I would like to conclude by reflecting on two complicating factors—intersensoriality and incommensurability—that I have not had sufficient space to address in detail, and that I hope will offer helpful cues for future research in olfactory aesthetics. This book’s focus on smell has limited its attention to the complex and open-ended ways in which olfaction interacts with other senses. While I have not directly engaged the recent intersensorial turn in sensory studies,1 many of the examples studied here have highlighted smell in relation to other senses: visual representation in Cariou and Stout’s artworks, erotic memories of touch and taste in Tanaïs’s memoir, temperature and atmospheric motion in Yi’s exhibition, the haptics and taste of tentacular and vampiric interactions in Butler’s novels. Centering smell destabilizes our sensorial norms, challenging us to relate differently to other senses—including the typically dominant senses of vision and hearing—through the transcorporeal, chemosensory, affective, visceral, and atmospheric experiences activated by olfaction.

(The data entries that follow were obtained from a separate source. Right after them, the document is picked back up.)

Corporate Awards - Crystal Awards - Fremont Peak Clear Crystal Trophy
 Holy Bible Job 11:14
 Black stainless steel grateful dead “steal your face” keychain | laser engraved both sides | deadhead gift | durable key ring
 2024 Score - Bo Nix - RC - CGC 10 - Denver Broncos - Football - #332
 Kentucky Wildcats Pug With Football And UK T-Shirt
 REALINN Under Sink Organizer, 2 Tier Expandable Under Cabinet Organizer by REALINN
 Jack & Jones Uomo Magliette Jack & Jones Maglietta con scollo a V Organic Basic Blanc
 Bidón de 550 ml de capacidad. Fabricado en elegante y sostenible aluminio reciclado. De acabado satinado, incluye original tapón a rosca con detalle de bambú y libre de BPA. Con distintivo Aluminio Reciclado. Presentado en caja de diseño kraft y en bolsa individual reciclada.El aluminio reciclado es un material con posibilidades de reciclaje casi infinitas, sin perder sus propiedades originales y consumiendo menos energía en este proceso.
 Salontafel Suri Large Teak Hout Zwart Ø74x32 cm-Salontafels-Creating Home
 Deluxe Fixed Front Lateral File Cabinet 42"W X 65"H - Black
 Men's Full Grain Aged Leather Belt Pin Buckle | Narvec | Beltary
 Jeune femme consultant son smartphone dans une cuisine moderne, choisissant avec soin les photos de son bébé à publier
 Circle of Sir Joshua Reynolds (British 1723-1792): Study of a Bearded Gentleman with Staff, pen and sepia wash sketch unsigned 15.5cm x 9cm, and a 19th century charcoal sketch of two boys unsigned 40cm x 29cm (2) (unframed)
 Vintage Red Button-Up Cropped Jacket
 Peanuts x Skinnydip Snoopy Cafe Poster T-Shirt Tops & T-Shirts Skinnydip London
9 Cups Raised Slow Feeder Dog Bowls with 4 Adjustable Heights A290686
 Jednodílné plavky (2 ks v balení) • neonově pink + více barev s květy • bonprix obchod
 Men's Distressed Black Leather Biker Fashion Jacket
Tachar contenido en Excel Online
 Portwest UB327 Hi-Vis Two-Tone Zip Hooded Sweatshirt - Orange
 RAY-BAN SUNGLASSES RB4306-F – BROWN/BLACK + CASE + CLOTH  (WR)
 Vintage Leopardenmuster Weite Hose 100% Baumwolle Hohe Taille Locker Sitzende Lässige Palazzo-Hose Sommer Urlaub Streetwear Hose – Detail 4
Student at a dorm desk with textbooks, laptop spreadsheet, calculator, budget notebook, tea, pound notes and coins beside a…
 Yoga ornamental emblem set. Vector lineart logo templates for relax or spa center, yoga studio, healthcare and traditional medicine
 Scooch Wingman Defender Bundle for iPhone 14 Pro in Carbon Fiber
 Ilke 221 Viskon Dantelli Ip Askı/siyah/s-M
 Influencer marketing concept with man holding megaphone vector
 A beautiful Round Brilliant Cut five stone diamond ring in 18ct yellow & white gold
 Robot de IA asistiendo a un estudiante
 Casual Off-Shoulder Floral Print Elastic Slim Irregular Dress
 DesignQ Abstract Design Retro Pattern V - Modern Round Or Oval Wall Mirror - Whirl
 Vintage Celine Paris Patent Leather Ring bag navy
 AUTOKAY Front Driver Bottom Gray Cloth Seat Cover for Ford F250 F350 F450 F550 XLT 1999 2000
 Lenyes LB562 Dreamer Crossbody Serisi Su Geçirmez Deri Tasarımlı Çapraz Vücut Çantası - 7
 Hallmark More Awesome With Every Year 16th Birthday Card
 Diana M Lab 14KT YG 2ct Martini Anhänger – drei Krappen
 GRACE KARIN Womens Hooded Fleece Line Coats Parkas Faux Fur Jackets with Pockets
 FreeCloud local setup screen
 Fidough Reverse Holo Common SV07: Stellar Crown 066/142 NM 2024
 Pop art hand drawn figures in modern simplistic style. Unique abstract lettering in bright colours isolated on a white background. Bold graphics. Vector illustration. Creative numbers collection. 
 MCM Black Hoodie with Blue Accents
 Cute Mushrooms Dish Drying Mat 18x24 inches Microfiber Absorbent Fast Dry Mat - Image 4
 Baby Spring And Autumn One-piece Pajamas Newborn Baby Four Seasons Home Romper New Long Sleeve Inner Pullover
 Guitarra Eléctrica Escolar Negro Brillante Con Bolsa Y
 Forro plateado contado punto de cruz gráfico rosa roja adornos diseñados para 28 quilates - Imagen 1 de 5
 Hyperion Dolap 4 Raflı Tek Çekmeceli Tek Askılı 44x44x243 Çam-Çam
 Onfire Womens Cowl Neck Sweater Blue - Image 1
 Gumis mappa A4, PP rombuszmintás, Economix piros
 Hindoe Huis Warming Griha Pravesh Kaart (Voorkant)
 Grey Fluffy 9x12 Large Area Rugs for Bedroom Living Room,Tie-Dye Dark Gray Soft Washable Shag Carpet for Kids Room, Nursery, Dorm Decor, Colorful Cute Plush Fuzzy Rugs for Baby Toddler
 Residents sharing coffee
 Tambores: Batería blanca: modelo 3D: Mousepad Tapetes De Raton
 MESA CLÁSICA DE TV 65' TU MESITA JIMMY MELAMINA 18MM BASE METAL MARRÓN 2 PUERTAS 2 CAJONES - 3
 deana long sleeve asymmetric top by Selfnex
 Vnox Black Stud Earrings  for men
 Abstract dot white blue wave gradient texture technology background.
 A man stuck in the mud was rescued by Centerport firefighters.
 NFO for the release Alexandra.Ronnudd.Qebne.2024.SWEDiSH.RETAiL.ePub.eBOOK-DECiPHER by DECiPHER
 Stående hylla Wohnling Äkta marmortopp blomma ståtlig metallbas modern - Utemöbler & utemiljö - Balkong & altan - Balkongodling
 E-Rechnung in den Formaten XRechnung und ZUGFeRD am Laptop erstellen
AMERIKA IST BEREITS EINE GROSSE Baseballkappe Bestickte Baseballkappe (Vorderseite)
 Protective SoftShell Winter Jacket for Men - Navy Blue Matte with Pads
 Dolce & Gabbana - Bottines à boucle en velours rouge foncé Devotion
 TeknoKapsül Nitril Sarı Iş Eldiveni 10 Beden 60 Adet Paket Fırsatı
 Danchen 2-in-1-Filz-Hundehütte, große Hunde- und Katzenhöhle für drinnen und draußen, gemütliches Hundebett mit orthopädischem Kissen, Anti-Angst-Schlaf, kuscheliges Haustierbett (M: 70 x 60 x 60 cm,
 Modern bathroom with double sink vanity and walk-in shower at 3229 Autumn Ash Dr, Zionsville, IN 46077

Incommensurability highlights tensions between worldmaking projects, and reminds us that worldmaking is not inherently “good” or “bad.” Instead, we must consider the tensions between different projects of reparative worldmaking—for example, between the desired and memory-suffused smellscapes of diasporic and Indigenous breathers, or between fragrance-free spaces that are accessible to people with environmental sensitivities and BIPOC microclimates oriented by a shared scent (for example, a conjure ritual, a durian feast, or an olfactory art installation). Attention to worldmaking may help clarify and communicate what is at stake in different and potentially incommensurable olfactory projects. This requires attention not only to what smell communicates but to its opacity—to the untranslatable, unruly qualities of olfactory responses. Smell’s tendency to resist full disclosure—its subjective, contingent, indeterminate, and nonrepresentational qualities—is not something to be overcome or made transparent through sensitization, translation, or machine learning. Olfactory ethics should be framed not only as the expansion of olfactory tolerance and understanding but as the acknowledgment of limits to olfactory communion. These limits reframe atmospheric violence and repair not as occasions for expanded sympathy but as conditions from which we might work toward “solidarity in incommensurability.”2
These issues are not only topics for further research but also reminders of the need for modesty in sensorial research. Studying smell as a way of making and remaking worlds conveys both the capaciousness of what smell can do and the limitations of our sensorial habits and methods. Collective, intersensorial, and incommensurable processes of olfactory worldmaking underscore how little we know about what smelling is or what futures might emerge from any olfactory encounter.
Notes
1. See, e.g., David Howes, “Multisensory Anthropology,” Annual Review of Anthropology 48 (2019): 17–28, and Polina Dimova, At the Crossroads of the Senses: The Synaesthetic Metaphor Across the Arts in European Modernism (Penn State University Press, 2024).
2. Michelle Huang and Carlos Alonso Nugent, “Solidarity in Incommensurability: Ethnic Studies and the Environmental Humanities,” American Quarterly 77, no. 1 (March 2025): 133–44.